AP: I don’t really have a process. It’s a bit of a problem and something I’ve been trying to figure out about myself for a while, because it’s really tough when I do get stuck. My teachers have been trying for years to get me to experiment with various techniques that have to do with pitch organization, but nothing is sticking. I’m finding more and more that I’m driven by the actual sound of the instrument. So, when I wrote my cello piece, I rented a cello and spent many hours figuring it out. That’s how the piece was born. I also sing through my ideas a lot.
When I get stuck, I find that I just have to plough through it. I will most likely end up rewriting that stuff later anyway because it feels “uninspired”, but working is the best way to get unstuck.


AW: What is your biggest goal right now?

AP: I’d like to work and live as an independent composer outside academia. The world is in turmoil and some people are losing their footing. Some options are not as readily available now as they were before (like government grants), but technology and changing mentality are creating a lot of new possibilities. If you are smart about all the opportunities this new world has to offer, you can create something new and wonderful. I’d like to make modern art music desirable the way modern art is desirable. And with that, I will make my living and fund my art.


AW: If you could be commissioned to write anything, what would it be?

AP: My goal is to write a major full-scale opera.

 

AW: If you were stranded on a desert island and could only bring one recording with you, what would it be?

AP: It would be a tough choice between Stravinsky’s “Right of Spring” and Claude Vivier’s “Lonely Child.”

 

AW: What are you currently listening to?

AP: Quite a bit of Kaija Saariaho for string music and Judith Weir for opera. Though I haven’t been listening to much in the last two months while writing this piece for the NAC workshop.

 

AW: What is the hardest lesson you’ve learned so far?

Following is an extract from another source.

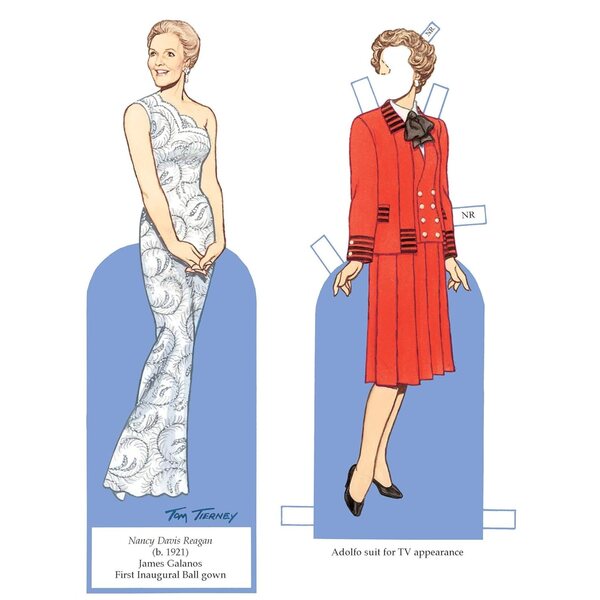 Mode der First Ladies Paper Dolls: Ikonische Kleider der First Ladies Amerikas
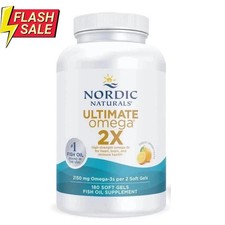 Nordic Naturals Ultimate Omega 2X 180 Softgel...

AP: Discipline and the entrepreneurial spirit. You have to be very disciplined to be a good musician. You have to think like a businesswoman to be a successful musician. And by that, I don’t mean you “sell out.” I mean that you find a way to market what you produce to the right people.


AW:  What do you enjoy doing when you are not composing?
AP:  I like to cook and experiment with very basic in-season veggies, which in Halifax involves a lot of carrots, onions, parsnips, cabbages, potatoes and rutabagas. Everything else seems to costs its weight in gold out here. I also like to knit things with complicated lace patterns. It often helps to concentrate my fairly frantic thoughts on one little task.